3D-printing technology emerges as a powerful solution to these challenges, offering the capability to rapidly fabricate complex structures through a layer-by-layer approach [Citation11]. This technology spans several techniques suitable for SiC ceramics, including Stereolithography (SLA/DLP/LCD) [Citation12], Selective Laser Sintering (SLS) [Citation13], Direct Ink Writing (DIW) [Citation14], and Laminated Object Manufacturing (LOM) [Citation15]. Among these, stereolithography stands out for its precision and accuracy, making it particularly promising for the production of SiC ceramics [Citation12].

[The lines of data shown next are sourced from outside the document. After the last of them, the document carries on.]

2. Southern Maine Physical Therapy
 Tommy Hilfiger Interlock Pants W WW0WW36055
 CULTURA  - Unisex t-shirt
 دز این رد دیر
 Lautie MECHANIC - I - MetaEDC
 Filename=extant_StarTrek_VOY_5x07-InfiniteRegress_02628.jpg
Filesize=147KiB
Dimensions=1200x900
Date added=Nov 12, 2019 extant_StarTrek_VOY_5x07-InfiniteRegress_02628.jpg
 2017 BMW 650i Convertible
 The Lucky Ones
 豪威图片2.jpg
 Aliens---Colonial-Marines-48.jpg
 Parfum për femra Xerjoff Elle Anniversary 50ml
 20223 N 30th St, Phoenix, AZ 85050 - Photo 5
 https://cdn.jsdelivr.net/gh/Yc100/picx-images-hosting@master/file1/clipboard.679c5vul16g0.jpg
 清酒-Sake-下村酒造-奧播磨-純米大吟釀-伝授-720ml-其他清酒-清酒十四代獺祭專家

Stereolithography-based additive manufacturing has already proven successful in creating polymer [Citation16], zirconia [Citation17], and alumina ceramics [Citation18] with applications in commercial products. This success lays the groundwork for expanding the use of stereolithography in SiC ceramic production. By overcoming the limitations associated with traditional machining and polishing through 3D printing, there is a significant opportunity to enhance the manufacturing process of SiC ceramics. This advancement could lead to more efficient production of high-quality SiC components, further expanding their application in critical and high-performance industries.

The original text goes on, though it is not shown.